The provincial government has been criticized for its reaction to Saturday's massive earthquake near Haida Gwaii, where it took about 40 minutes before communities received a tsunami warning.
“There's discussion going on with service providers, local authorities, Industry Canada, and looking at the feasibility and a potential pilot project,” said Chris Duffy, executive director of Emergency Management BC.”
Duffy said the process for setting up such a service is complicated, but he says the government is committed to exploring it.
A new technology in the U.S. sends natural disaster-related warnings immediately to cell phone users in the path of danger, says Ted Buehner, a meteorologist at the National Weather Service in Washington.
"It's just to get your attention so you're aware of the situation, can tune to other resources, and then take action to protect lives and property," Buehner told CBC News.
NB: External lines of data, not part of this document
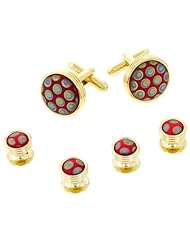 JJ Weston red peacock art glass cufflinks and shirt studs formal set. Made in the USA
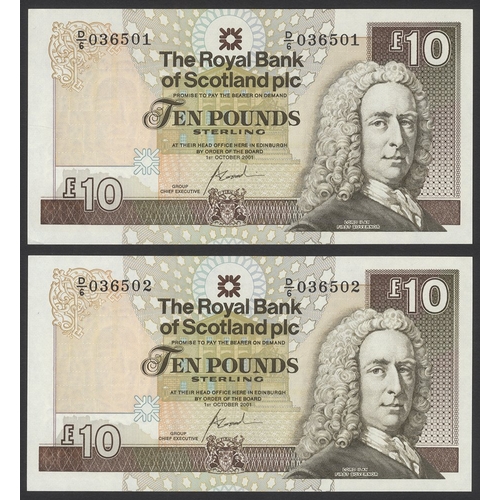 510 - Royal Bank of Scotland Plc £10 (2) consecutives dated 1st October 2001, first series for date D/6, P... 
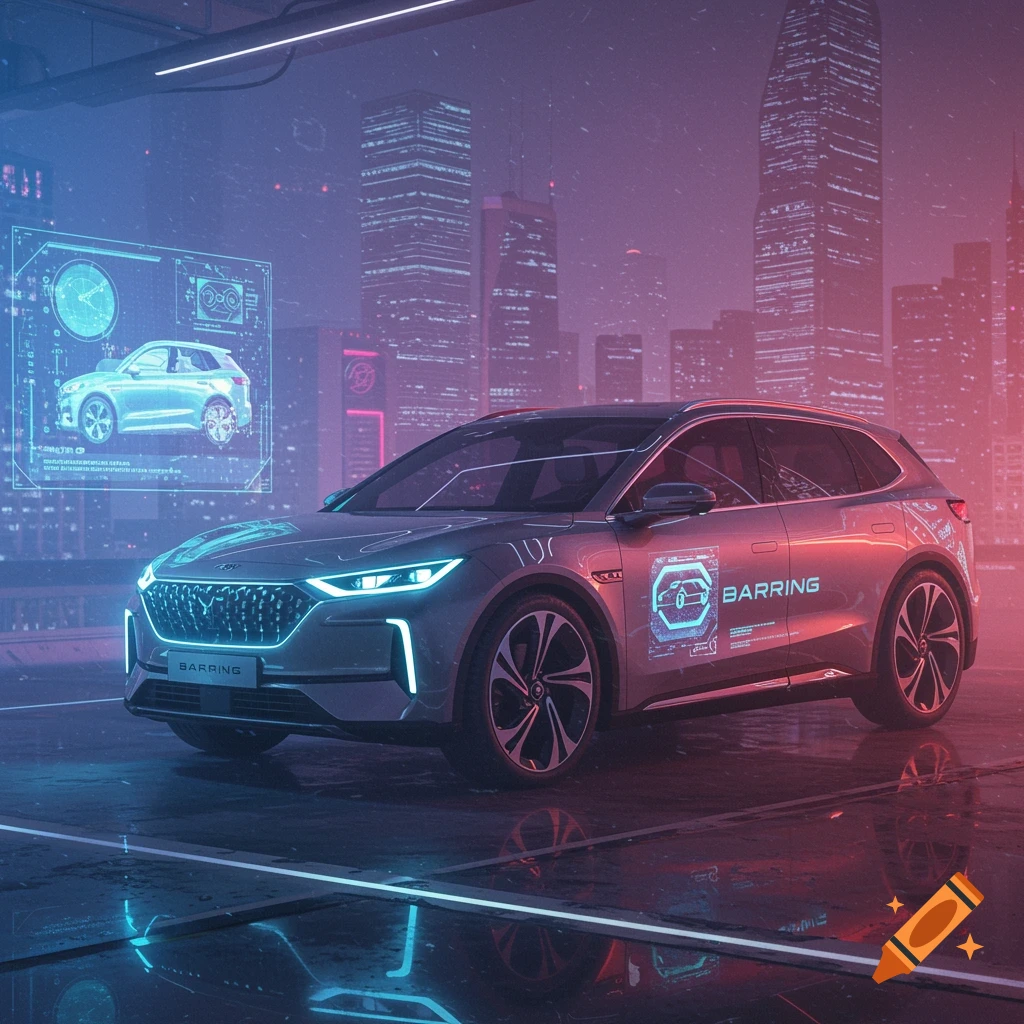 A futuristic car with neon lights parked in a cyberpunk city with holographic displays.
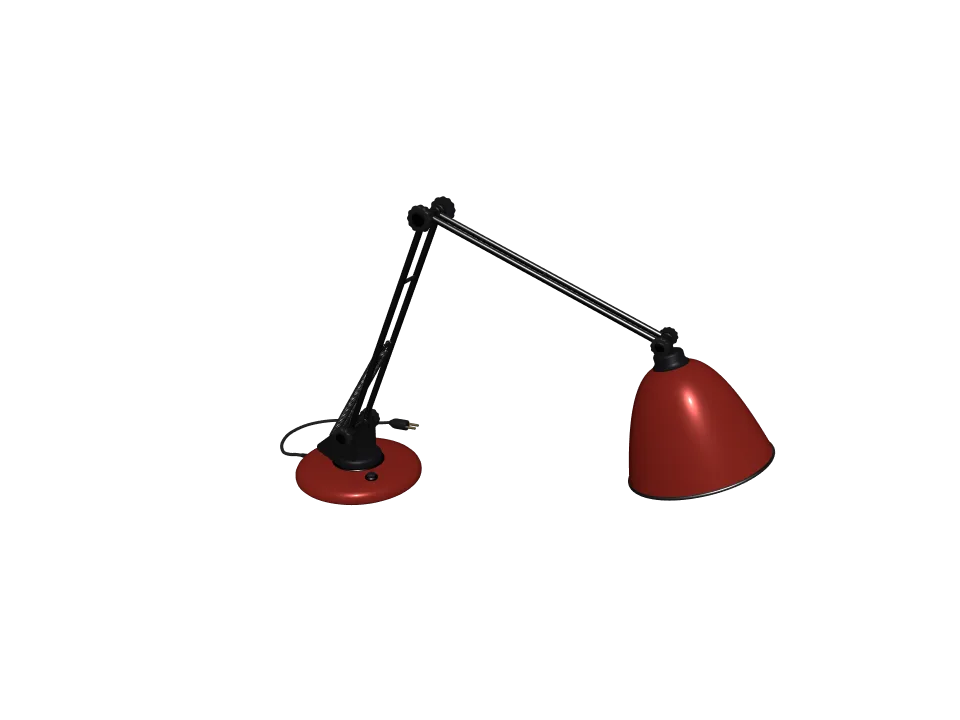 Claude Opus 5.5: Desk lamp. A desk lamp with an articulated two-joint arm and a round metal shade, in a bent working pose.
Cell phone providers are required to provide the service by law, which was introduced in 2006 following Hurricane Katrina. B.C. needs this technology, said Carol Kulesha, mayor of Queen Charlotte City on Haida Gwaii.
"If everyone was able to use their cell phone, and that alert came out and came down over the cellphone lines, that would be fabulous," said Kulesha.
There are many areas of B.C. with little or no cell service, but most of the population lives in areas where service is available. Kulesha said a better system of some kind needs to be in place before the next big quake occurs.